When you find success with a location and a tactic, you “rinse and repeat” as long as it keeps working.

Moose Hunting: Back-to-Back Bulls

My bull moose fell prey to a solid setup plan, good calling, a bow-mounted decoy — and a well-placed arrow.

In 2021, my good friend Darryl Amason was able to realize his goal of arrowing an Alaskan moose. That hunt didn’t lack for adventure and excitement. Darryl and I had located a good bull and snuck to within 300 yards. The rut was in full swing, and the bull had a cow with him. Our plan was to stalk a little closer, then for me to call the bull into bow range of Darryl.

Just when we were both feeling like, “we got this,” I felt a slight breeze on my neck. The topography of the land was funneling the wind toward the moose, and it didn’t take long before the gig was up.

A couple days later we were blessed to be looking through our binoculars at another nice bull, also accompanied by a cow. The wind dictated that we stalk toward this bull from right to left, so we navigated around a large lake to get closer to the bull.

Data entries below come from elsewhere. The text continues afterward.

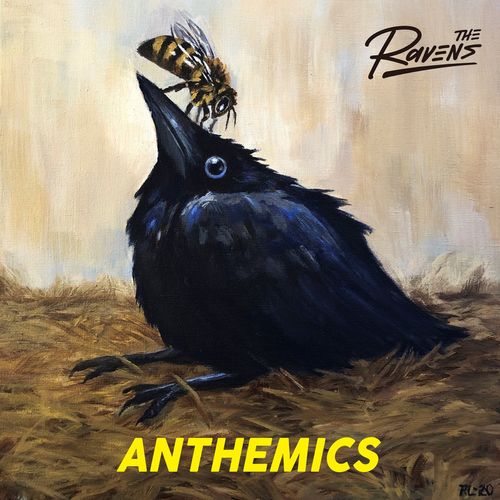 [Album] The Ravens – ANTHEMICS (2022.08.31/MP3/RAR)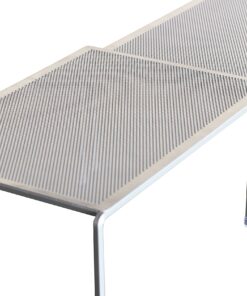 DecoBros Expandable Stackable Kitchen Cabinet and Counter Shelf Organizer,Silver Silver 34 91s3lQck3EL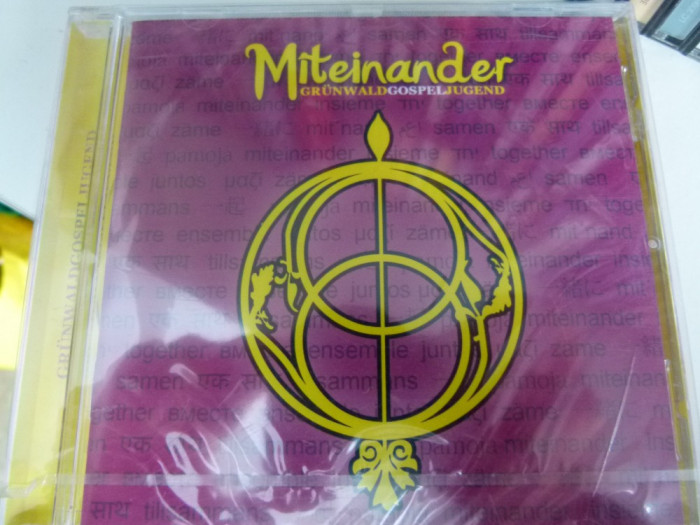 Miteinander - cd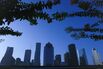 Houston skyline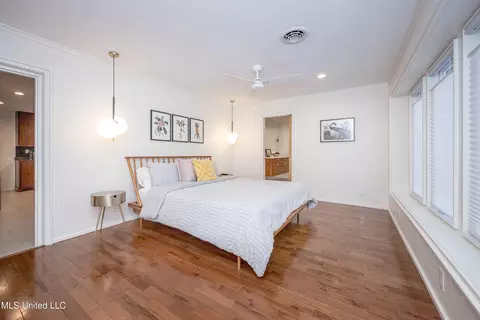 Bedroom - 1210 Harbor Rd, Ocean Springs, MS 39564 photo 1 of 13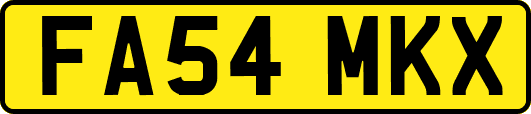 FA54MKX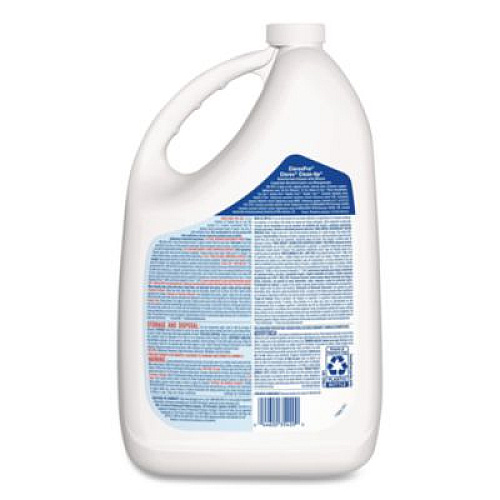 CloroxPro Clean-Up Disinfectant Cleaner with Bleach, 128 oz Refill Bottle (35420EA)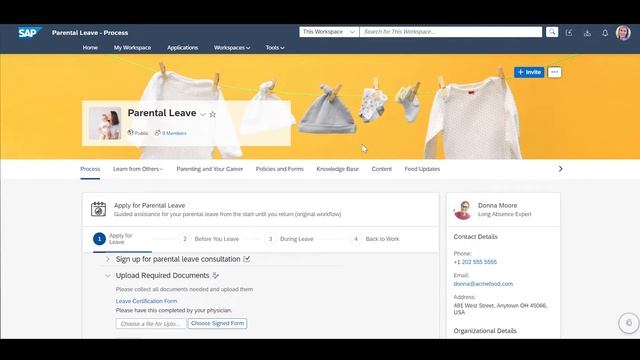 What are SAP Build Work Zone workspaces? | Tutorial Lesson 3 смотреть онлайн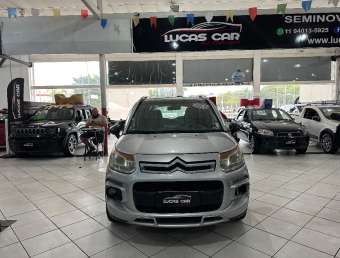 Citroen Aircross 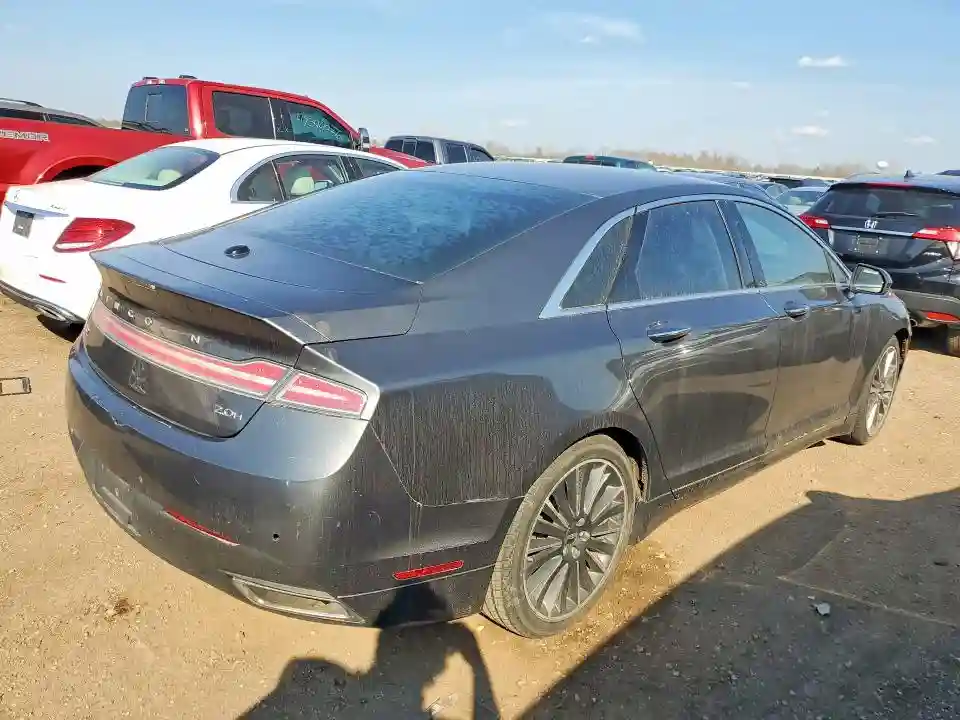 3LN6L2LU3GR634436 2016 LINCOLN MKZ-2
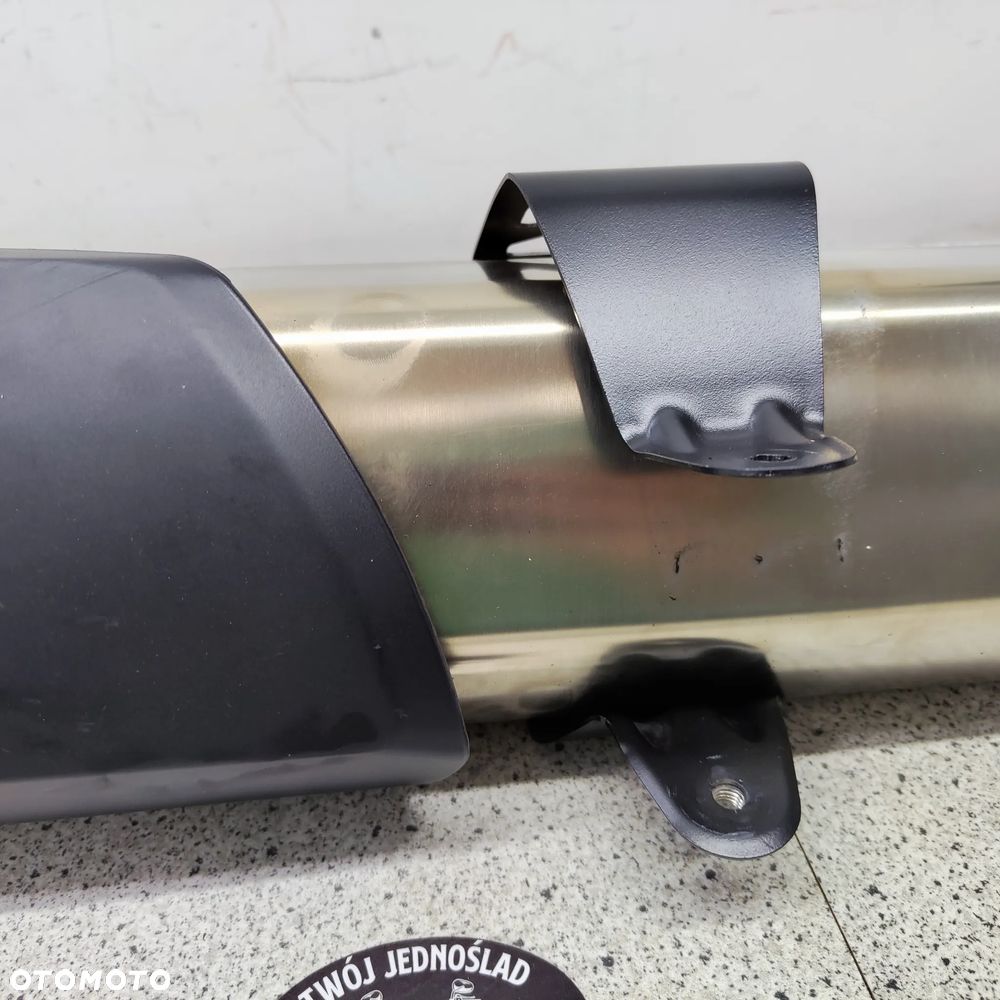 Tłumik, wydech, mocowanie, uchwyt tłumika, osłona wydechu KTM 1190 1290 Adventure - 7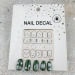 Various Nail Applique- 60 60mm-SP Series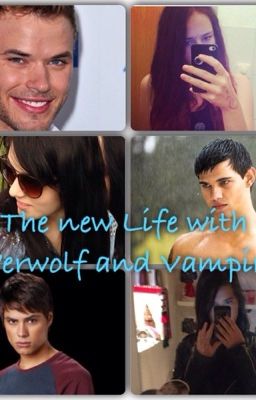 The new Life with Werwolf and Vampire. 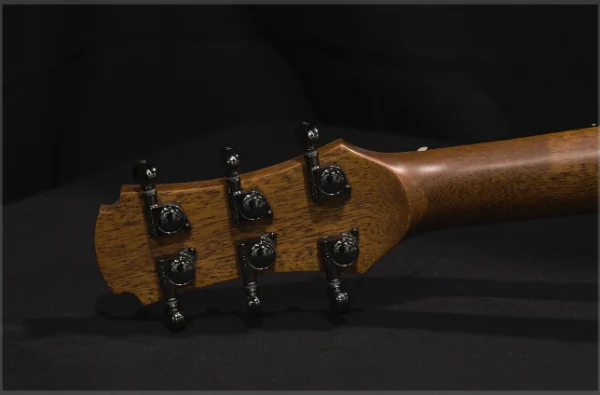 Hozen Black Label OM - Image 3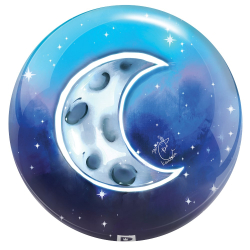 Bowlingball - VIZ-A-Ball - SUN AND MOON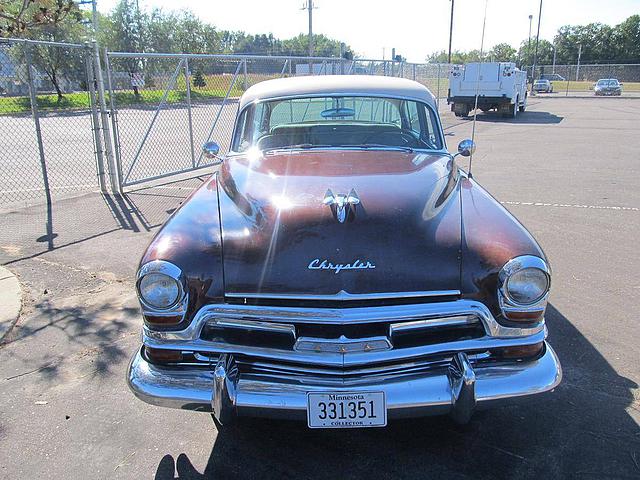 1954 Chrysler Windsor Ham Lake MN 55304 Photo #0141155A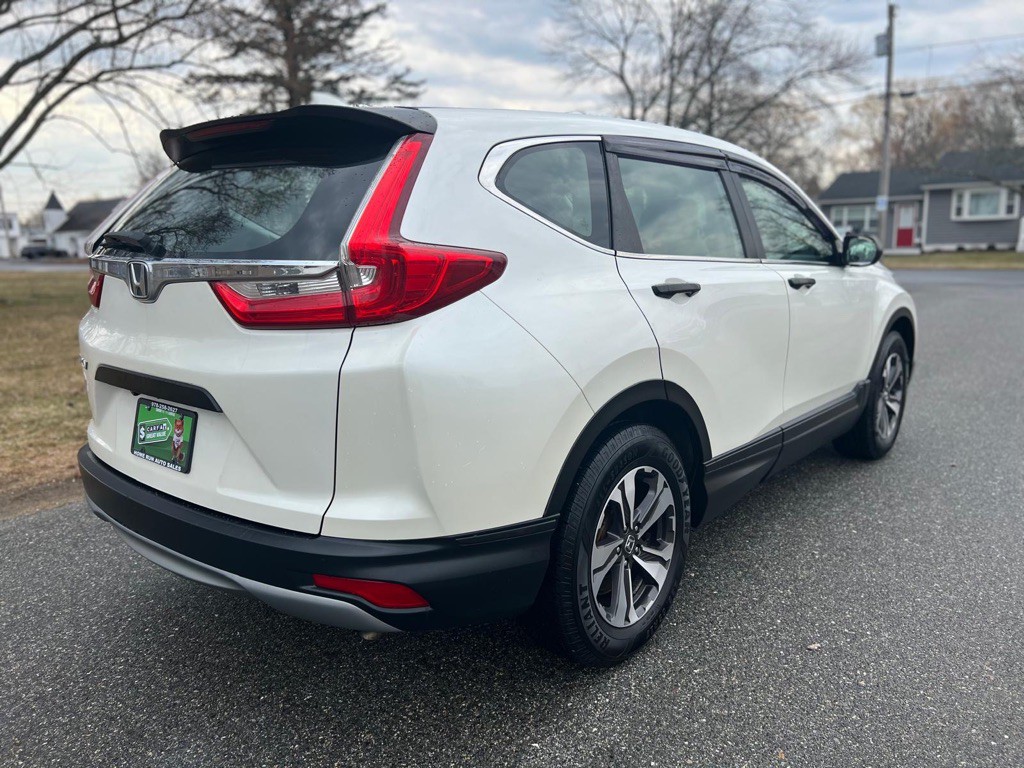2017 Honda CR-V Image 2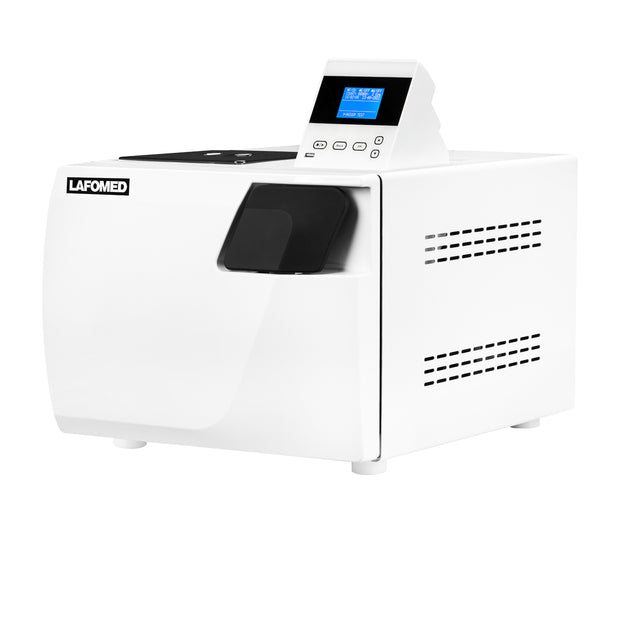 Lafomed Compact Line LFSS08AC Autoklav, 8 l, Klasse B, mit Drucker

When we were about 500 yards from the two moose, Darryl and I noticed that the wind was slightly different. It was doing the same exact thing as on our previous failed stalk, and we feared a carbon-copy result if we approached any closer. Without even discussing it, Darryl and I both knew what we had to do — backtrack all the way around the lake to approach this bull from the other side.

When we finally made it around the lake and were within a couple hundred yards of where we thought the bull was bedded, we both donned waders before easing into the water at the lake’s edge. Walking in the water made our approach completely silent. Had we attempted to sneak closer in the thick brush, I am certain the moose would have heard us.

Upon reaching our predetermined spot, we stopped. My plan from there was to slowly and quietly climb a short distance up from the shoreline and then set up to call the bull. Darryl’s job was to stay in the water and continue another 40 yards along the shoreline, at which point he was also going to climb up the grassy hill. This would put Darryl in the best possible position for a shot once I started calling. Before we parted, I emphasized to Darryl to take his time and go extremely slow. The moose were close, and we didn’t want to risk spooking them. We had plenty of time, and they weren’t going anywhere.

I got settled into a good calling spot, and then waited until I could see Darryl get next to a stand of small trees directly across from me. When he looked over and gave me a thumbs up, I knew he was ready.

Noska-Moose-Success-Hero-1200x800.jpg
My good friend Darryl Amason checked another box on his bucket list when he killed this bull moose.

The instant I started raking the brush, the bull grunted and started coming. As the bull was getting closer, I was expecting Darryl to shoot at any moment. Every second, the sound of tree limbs breaking was getting louder and louder. Then I could see the trees and brush moving, and suddenly the bull stepped out, literally 10 yards from me. He towered above me, as I lay flat in the tall grass to keep him from seeing me. He looked and listened for the “intruder” bull that he thought was there. The wind was perfect, and even with the bull so close, he never smelled me. Eventually the bull retreated and headed back in the direction of his cow.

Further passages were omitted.